Almost 3,000 wildfires have burned nearly 84,000 acres since the beginning of the year.
Scattered rain in northeast Florida and heavier showers in south Florida did little to ease the drought or put out wildfires around the state Monday.
A dozen Florida National Guard firefighters were sent to Sarasota on Monday to help fight a fire that has burned 5,480 acres in Sarasota County since a lightning bolt struck a tree May 14. That fire now is 85 percent contained.
National Guard UH-60 helicopters last week helped firefighters on the ground by dumping water on the blaze. Other Guard firefighters are working near Lake City.
Elsewhere in the state, a wildfire swept though a southeastern Polk County hunting camp and destroyed 113 structures, officials said Monday.
A few of the buildings lost at the River Ranch Camp in the Sunday fire were mobile homes or modest wood frame structures lived in year-round, said spokesman Jim Harrell of the Division of Forestry.
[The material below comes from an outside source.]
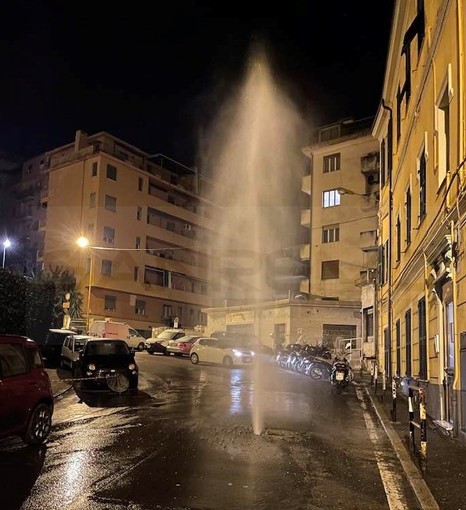 Due guasti alle tubazioni dell'acqua: Vigili del Fuoco e Rivieracqua all'opera a Imperia e Sanremo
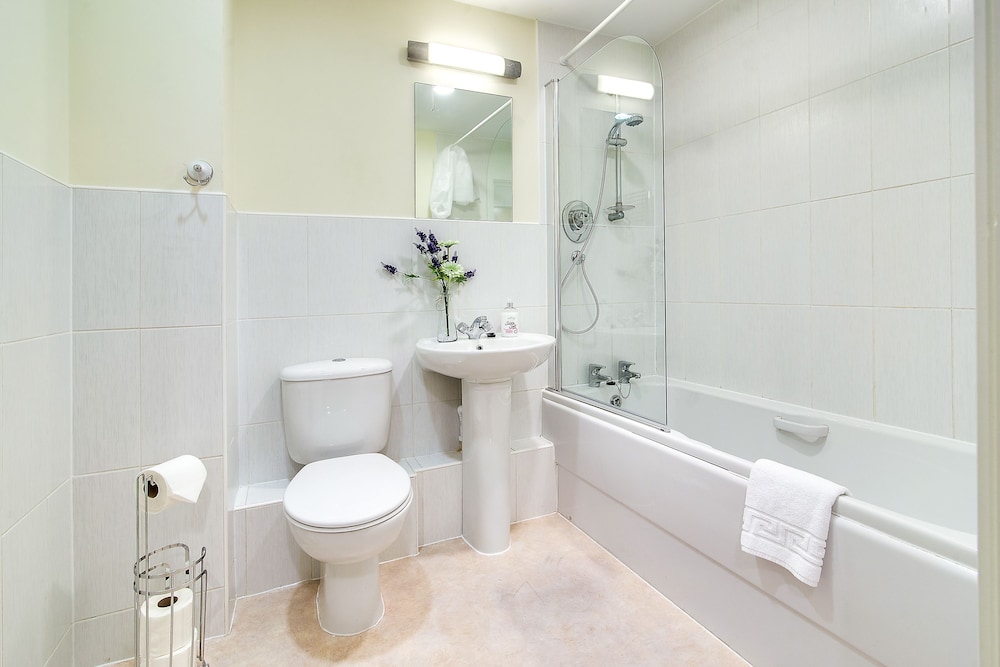 Mica Point City Centre Apartment 48/50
But most were rustic structures, such as lean-tos and sheds visited only occasionally, he said.
The fire apparently started when an overheated vehicle ignited dry brush, Harrell said. Damage was estimated at $262,000 but no injuries were reported.
The fire burned about 500 acres before being extinguished by state fire crews. At one point, it threatened to spread into Indian Lake Estates, but the flames were kept away from that subdivision, Harrell said.
The camp is in a wilderness area west of the Kissimmee River in southeastern Polk County, near the northern edge of the Air Force's Avon Park Bombing Range.
In Marion County, an 80-acre fire by the Seven Springs Ranch Airport near the Sumter County line was fully contained Sunday, Harrell said.
A blaze in the Apalachicola National Forest, where 6,680 acres have burned since May 4, was 90 percent contained.
There were 30 other wildfires around the state Sunday that burned 634 acres, Harrell said.
The fire risk is dangerously high in the Tampa Bay area, where the drought index in Pinellas, Pasco and Citrus counties is more than 700 on a scale of 800, with 800 representing desert-like conditions.
Officials also were worried about the number of arson fires.
"With it as dry as it is, the potential for disaster is a concern," said Harrell.
Overall, nearly 3,000 wildfires have blackened almost 84,000 acres since Jan. 1. Last year, 4,400 fires burned 340,000 acres. In 1998, 4,800 fires burned 500,000 acres.